### The data
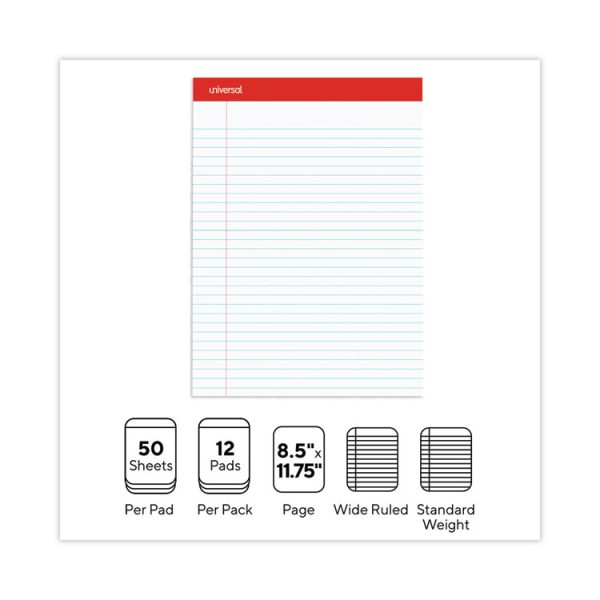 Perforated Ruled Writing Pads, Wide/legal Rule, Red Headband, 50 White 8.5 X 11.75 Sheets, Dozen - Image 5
--
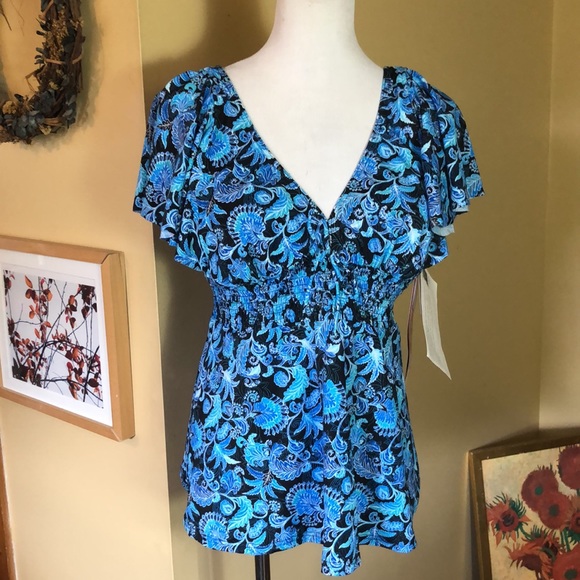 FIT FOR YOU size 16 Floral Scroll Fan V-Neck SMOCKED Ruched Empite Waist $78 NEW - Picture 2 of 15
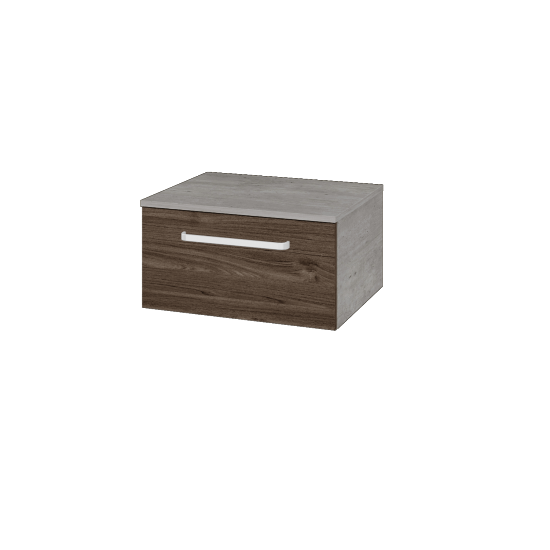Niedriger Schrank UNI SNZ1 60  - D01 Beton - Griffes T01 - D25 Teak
--
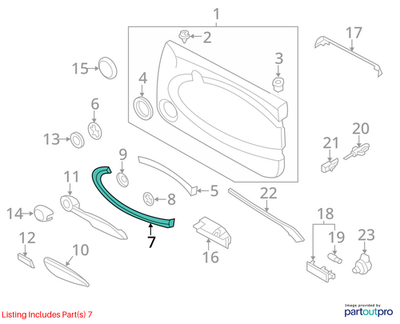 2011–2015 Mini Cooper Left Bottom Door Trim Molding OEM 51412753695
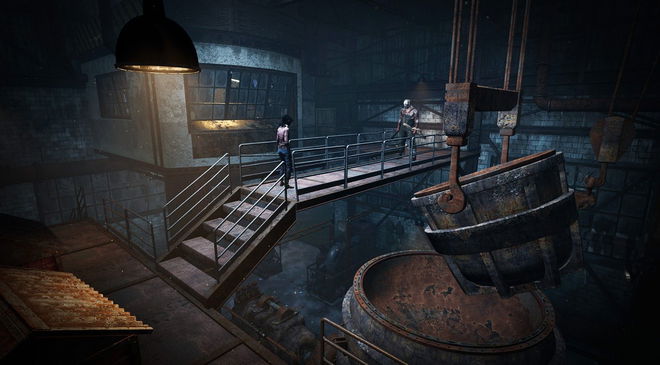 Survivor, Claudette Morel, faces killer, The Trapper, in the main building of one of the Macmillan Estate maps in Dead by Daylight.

### Task objective
Repeat exactly the lines above, beginning at the one containing "FIT FOR YOU" and ending at the one containing "Niedriger Schrank UNI". Do not carry over any pictures.

### Solution for this exercise
 FIT FOR YOU size 16 Floral Scroll Fan V-Neck SMOCKED Ruched Empite Waist $78 NEW - Picture 2 of 15
Niedriger Schrank UNI SNZ1 60  - D01 Beton - Griffes T01 - D25 Teak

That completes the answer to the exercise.